Oldsmobile wanted a muscle car, too. It had established an outstanding performance image beginning in 1949 with its all-conquering “Rocket” 88. It became the scourge of the Automobile Association of America and NASCAR circuits in the 1950s, and won the sedan class in the first 1950 Mexican Road Race. But as the decade unfolded, Oldsmobile gradually lost its performance superiority.

Oldsmobile wanted that image back, and its entry in the muscle-car race was the 4-4-2 package on the intermediate F-85 and Cutlass series in mid-1964. It had a 5.4-litre (330 cu. in.), 310-horsepower V-8, with 4-4-2 referring to its four-barrel carburetor, four-on-the-floor manual transmission and twin exhausts. Oldsmobile built 2,999 during its half-year production run.

With a zero to 100 km/h) time of 7.4 seconds, the 4-4-2 didn’t have quite the performance of the GTO’s 6.6 seconds. To address this for 1965, Oldsmobile increased displacement to 6.6 litres (400 cu. in.) giving 345 horsepower.

Performance sparkled with the bigger V-8, with Car and Driver reporting zero to 100 in 5.5 seconds and to 160 km/h in 15.9. It was tire-burning acceleration.
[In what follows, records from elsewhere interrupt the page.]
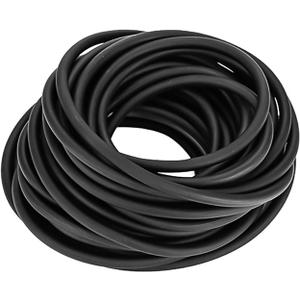Natural Latex Rubber Tubing 1/4" (6mm) ID x 3/8" (9mm) OD Surgical Tubing Slingshot Bands Fitness Hose Tube (Black 10FT 50FT) (Black, 10FT)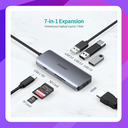 Choetech 7-in-1 USB-C to HDMI Multiport Adapter HUB-M19 (Gray)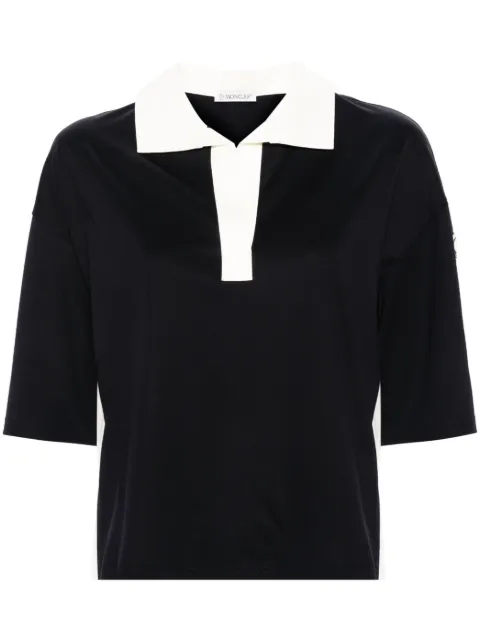 Moncler logo-patch cotton polo shirt Black J10938A0000889AJU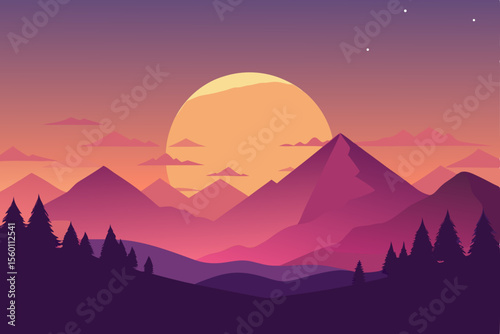sunrise in mountains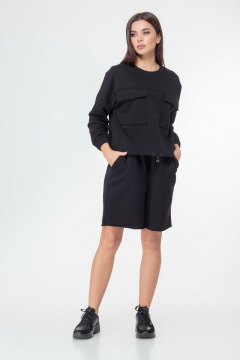 Бежевый жакет и кюлоты из вискозы и трикотажа Anelli 1012 черный - фото 1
But the 4-4-2 was more than just straight-line acceleration; Oldsmobile engineers added such items as stiffer springs, larger shock absorbers and a rear anti-roll bar, turning the 4-4-2 into what was reputed to be the best handling of the muscle cars.
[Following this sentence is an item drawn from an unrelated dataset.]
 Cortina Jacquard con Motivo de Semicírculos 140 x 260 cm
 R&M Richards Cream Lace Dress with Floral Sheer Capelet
For 1968, the 4-4-2 became a full series rather than an option package, and this plus all-new styling for the General Motors intermediates helped Olds sell 33,607 4-4-2s. The 6.6-litre (400 cu. in.) engine continued with various power ratings depending on compression ratio, carburetion and transmission, and whether one ordered the optional under-bumper W-30 air induction system.

GM’s intermediates were growing heavier, which contributed to the slower zero-to-100 km/h time of 7.0 seconds that Car Life reported on a 350-horsepower automatic transmission-equipped 4-4-2. To correct this, Olds gave the 4-4-2 an even larger 7.4-litre (455 cu. in.) engine for 1970, which it claimed was the largest ever offered in a special performance car.

Unfortunately, 1971 saw the beginning of performance degradation as emission hardware started to bite and compression ratios fell. This really affected muscle cars, and it would be the 4-4-2’s last year as a separate series.

For 1972, the 4-4-2 was back to an option package of mostly trim, decal and other appearance items on the Cutlass line, but still including enhanced handling components such as heavier anti-roll bars and larger wheels.

This was the theme of the 4-4-2 for the rest of the 1970s: mostly a trim-and-handling option for the Cutlass. As recession loomed in 1980, the 4-4-2 was discontinued.

It came back in 1985, again as an appearance and handling package, but with its own higher performance 5.0-litre (305 cu. in.) V-8 now rated at 180 horsepower by the more realistic Society of Automotive Engineers “net” rating, rather than the previous “gross” rating.

The 4-4-2 disappeared in 1987 as Oldsmobile followed the industry conversion to front-wheel drive. It returned once again for 1990 as the Cutlass Calais Quad 442 (no hyphens) powered by the new Oldsmobile-developed 2.3-litre, double-overhead cam, four-valves-per-cylinder four-cylinder engine. In H.O. (high output) form, it produced 180 horsepower and the 442 now meant four cylinders, four valves per cylinder and two overhead camshafts.

Compared with the early 4-4-2s, the new one was cleaner, more economical and had almost equal performance, all from less than a third of the displacement of the biggest 4-4-2 V-8. It was an environmentally friendly 1990s performance car.

But to muscle-car fans, it wasn’t the real thing. For them, no high-winding little four could replace that sound of a hibernating bear when a big V-8 opened its secondary barrels. A fast-revving four, no matter how high-tech, could never take the place of a big rumbling eight.